In a report titled Marketing Technology 2017: Putting Customer Data at the Center, eMarketer found that the issue marketers are facing now is not that the tools they use are inadequate, it is making more strategic use of this technology.

As a marketing cloud solution is often a combination of several different components (commonly built into a suite of tools through acquisition), this creates a ‘mix and match’ view of customers. Their interwoven nature can mean less than perfect communication between internal and external sources, creating a ‘collected’ database rather than a ‘persistently unified’ one. After all, many systems containing customer data were not designed to talk to others!
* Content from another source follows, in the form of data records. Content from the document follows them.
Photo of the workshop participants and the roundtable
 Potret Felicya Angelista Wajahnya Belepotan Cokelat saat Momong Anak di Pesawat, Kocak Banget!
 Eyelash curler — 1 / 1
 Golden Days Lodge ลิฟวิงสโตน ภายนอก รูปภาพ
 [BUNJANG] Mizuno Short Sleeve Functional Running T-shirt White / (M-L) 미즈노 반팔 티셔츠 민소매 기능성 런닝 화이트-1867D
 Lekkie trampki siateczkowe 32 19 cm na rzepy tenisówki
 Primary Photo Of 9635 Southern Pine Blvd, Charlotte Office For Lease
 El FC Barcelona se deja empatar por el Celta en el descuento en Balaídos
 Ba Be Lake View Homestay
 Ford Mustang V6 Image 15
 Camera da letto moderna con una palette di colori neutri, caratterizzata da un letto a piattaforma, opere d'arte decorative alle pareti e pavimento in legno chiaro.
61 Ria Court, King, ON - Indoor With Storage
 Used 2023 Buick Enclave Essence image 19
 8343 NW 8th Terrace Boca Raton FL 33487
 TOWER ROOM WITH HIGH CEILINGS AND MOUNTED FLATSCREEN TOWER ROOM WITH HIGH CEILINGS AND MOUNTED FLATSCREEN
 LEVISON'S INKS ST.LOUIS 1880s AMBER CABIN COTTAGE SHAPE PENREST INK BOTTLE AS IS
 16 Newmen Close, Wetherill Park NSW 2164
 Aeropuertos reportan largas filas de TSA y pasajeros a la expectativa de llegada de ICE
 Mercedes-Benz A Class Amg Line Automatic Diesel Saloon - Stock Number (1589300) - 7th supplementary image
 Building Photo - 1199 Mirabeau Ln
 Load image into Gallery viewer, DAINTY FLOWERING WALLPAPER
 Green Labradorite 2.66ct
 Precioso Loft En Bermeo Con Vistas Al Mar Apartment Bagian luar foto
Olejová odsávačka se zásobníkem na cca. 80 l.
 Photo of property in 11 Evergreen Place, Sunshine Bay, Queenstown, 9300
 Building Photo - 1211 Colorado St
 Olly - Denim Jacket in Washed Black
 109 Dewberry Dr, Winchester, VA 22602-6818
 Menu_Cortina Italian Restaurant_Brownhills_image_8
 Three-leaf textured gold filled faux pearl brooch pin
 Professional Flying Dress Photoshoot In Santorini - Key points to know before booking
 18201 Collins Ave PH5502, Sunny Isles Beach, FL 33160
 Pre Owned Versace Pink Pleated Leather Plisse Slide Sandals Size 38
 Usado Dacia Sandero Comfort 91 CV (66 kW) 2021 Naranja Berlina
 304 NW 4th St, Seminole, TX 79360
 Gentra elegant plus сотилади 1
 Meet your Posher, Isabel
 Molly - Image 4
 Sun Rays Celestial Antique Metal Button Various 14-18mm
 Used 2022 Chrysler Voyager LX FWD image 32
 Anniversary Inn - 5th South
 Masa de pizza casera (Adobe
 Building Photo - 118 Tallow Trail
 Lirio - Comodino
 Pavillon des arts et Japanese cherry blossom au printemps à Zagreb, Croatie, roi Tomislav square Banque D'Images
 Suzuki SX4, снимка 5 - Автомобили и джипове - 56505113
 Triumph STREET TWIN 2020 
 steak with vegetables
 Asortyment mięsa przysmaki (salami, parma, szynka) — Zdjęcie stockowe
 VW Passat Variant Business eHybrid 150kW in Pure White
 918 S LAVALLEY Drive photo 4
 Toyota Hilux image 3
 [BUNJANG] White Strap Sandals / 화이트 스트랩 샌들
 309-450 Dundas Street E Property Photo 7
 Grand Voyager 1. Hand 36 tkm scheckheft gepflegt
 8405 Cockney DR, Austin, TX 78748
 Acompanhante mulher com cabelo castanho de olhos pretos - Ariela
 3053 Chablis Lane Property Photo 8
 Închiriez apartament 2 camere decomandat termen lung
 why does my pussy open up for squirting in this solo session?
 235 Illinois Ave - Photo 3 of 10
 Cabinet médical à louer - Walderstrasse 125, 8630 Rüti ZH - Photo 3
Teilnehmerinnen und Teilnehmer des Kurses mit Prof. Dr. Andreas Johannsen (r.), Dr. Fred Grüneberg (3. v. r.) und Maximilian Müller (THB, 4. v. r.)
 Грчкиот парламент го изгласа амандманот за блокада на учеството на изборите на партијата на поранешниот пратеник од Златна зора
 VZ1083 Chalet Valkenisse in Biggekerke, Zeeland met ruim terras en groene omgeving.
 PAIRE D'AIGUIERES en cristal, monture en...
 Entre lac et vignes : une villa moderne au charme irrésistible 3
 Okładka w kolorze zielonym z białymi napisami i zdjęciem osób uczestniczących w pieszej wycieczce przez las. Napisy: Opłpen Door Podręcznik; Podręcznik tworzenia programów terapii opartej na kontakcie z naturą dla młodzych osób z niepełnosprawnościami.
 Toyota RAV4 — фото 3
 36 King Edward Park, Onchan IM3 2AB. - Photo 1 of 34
Instead, the answer needs to be marketing tools built with data at their core.

Functionality has its place, but most marketing suites leave the actual data to someone else, both in the creation and the management.

The BlueVenn Customer Data Platform (CDP), on the other hand, can be a cloud solution but stands out because marketers make the database. They choose which external data sources are to be combined, which are then cleansed, deduplicated, unified and enhanced by the Single Customer View process, making the database both fit for marketing purpose and built in such a way that marketing automation and execution tools can readily connect to it.

Essentially, while a CDP (and the data) is like a LEGO baseboard to which you attach your marketing tool blocks, a traditional Marketing Cloud is more like tools fastened to a database with duct tape.

So, it’s time to forget the cloud and start focusing on what really counts: customer data.